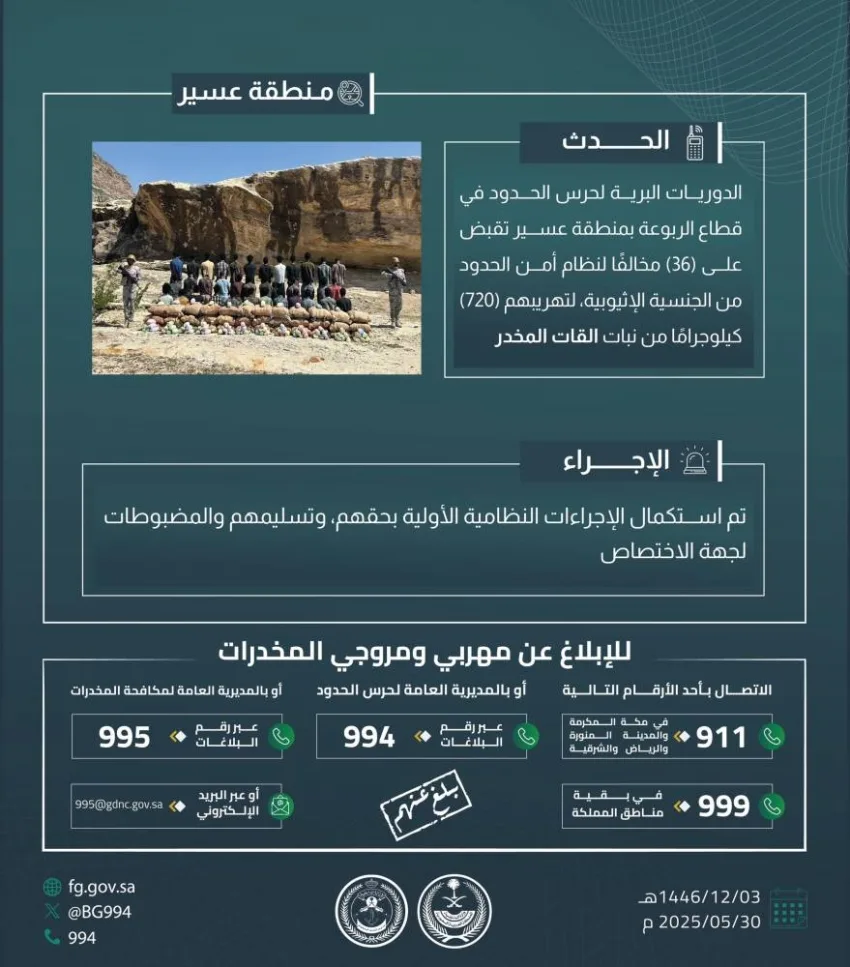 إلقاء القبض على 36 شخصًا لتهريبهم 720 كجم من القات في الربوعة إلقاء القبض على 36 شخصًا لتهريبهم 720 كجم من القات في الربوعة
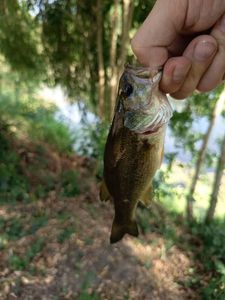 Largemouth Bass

● ● ●

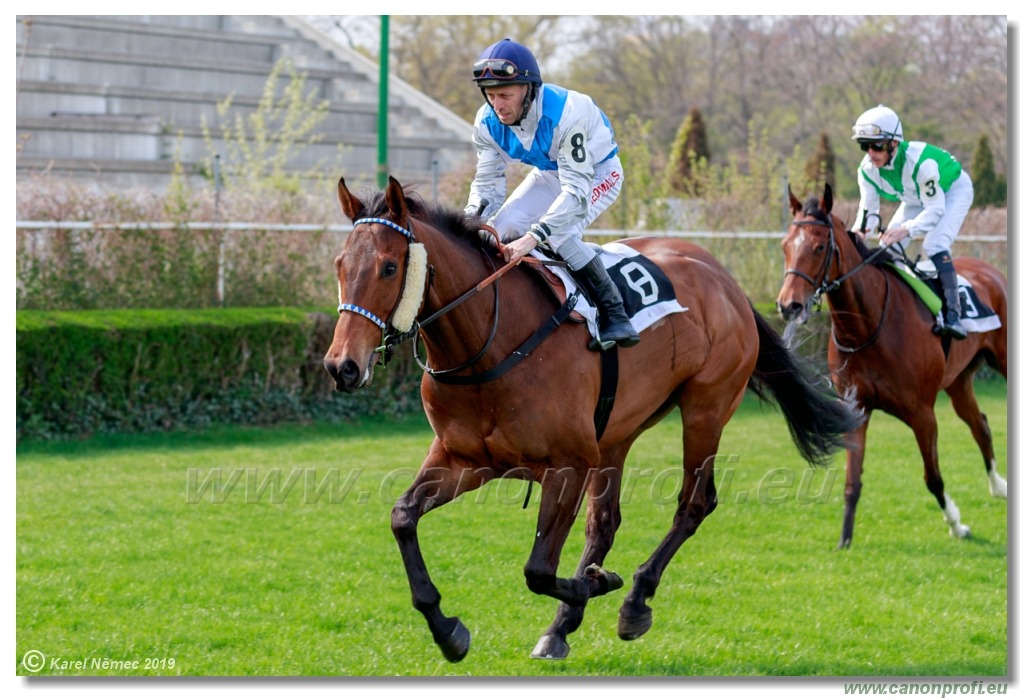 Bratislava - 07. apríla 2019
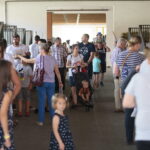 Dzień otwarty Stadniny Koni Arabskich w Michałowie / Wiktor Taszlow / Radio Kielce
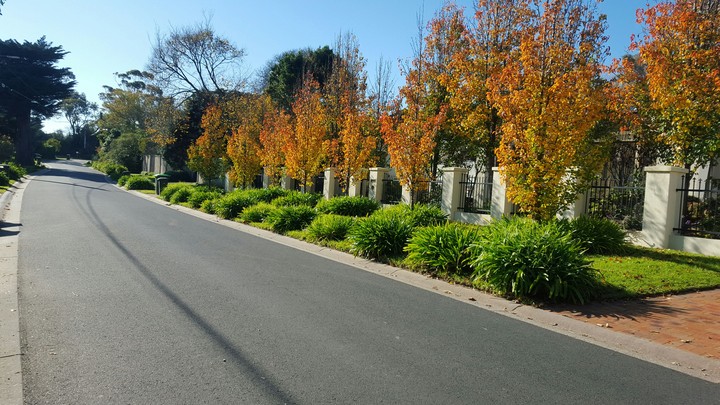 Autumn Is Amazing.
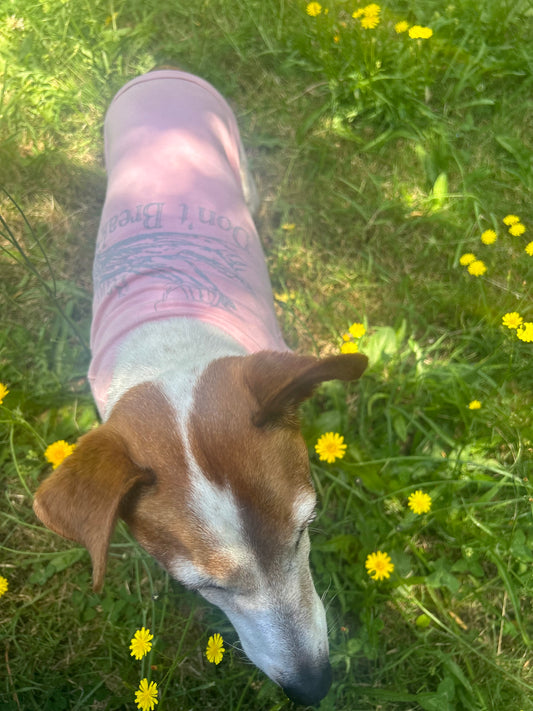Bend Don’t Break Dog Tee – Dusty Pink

● ● ●

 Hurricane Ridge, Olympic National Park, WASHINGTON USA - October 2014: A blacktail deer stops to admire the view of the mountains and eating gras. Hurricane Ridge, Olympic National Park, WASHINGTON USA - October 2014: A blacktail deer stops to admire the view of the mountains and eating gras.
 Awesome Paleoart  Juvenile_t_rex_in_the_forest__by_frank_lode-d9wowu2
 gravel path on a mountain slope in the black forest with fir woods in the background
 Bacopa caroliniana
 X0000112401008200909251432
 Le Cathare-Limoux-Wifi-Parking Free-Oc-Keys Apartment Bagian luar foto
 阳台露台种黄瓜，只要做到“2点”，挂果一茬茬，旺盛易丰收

● ● ●

Print, word for word, the lines above that run from the line containing "في الربوعة إلقاء" to the line containing "Largemouth Bass", both included. Keep the pictures out.

 إلقاء القبض على 36 شخصًا لتهريبهم 720 كجم من القات في الربوعة إلقاء القبض على 36 شخصًا لتهريبهم 720 كجم من القات في الربوعة
 Largemouth Bass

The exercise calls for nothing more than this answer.